Dataset excerpts
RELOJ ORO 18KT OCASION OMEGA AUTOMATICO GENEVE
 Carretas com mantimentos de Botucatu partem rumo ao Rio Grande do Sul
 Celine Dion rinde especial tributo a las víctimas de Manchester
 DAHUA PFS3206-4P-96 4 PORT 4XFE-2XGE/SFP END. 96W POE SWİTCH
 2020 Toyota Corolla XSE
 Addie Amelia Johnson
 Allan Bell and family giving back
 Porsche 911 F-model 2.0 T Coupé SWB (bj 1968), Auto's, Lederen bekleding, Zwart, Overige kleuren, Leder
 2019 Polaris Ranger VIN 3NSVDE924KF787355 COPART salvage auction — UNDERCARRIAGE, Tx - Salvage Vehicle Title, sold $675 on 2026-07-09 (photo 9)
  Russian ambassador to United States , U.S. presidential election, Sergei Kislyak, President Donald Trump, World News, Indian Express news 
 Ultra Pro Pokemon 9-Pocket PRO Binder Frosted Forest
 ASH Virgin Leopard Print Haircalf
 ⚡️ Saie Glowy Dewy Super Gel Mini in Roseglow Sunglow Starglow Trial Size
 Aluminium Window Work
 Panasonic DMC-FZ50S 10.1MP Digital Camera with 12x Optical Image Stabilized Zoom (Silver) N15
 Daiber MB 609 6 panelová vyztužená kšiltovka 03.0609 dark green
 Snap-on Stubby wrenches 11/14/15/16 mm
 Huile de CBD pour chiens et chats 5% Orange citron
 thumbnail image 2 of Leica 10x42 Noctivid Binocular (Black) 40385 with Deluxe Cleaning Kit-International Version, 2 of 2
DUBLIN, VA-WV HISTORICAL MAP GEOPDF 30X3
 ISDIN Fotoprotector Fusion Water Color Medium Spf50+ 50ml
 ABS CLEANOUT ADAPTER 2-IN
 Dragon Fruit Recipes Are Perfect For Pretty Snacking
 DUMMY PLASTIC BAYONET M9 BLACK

→ **Problem to work on**: All lines from the one containing "DUBLIN, VA-WV HISTORICAL MAP GEOPDF 30X3" to the last line above should be reproduced exactly, and no other lines should be given.

→ **Completed task**:
DUBLIN, VA-WV HISTORICAL MAP GEOPDF 30X3
 ISDIN Fotoprotector Fusion Water Color Medium Spf50+ 50ml
 ABS CLEANOUT ADAPTER 2-IN
 Dragon Fruit Recipes Are Perfect For Pretty Snacking
 DUMMY PLASTIC BAYONET M9 BLACK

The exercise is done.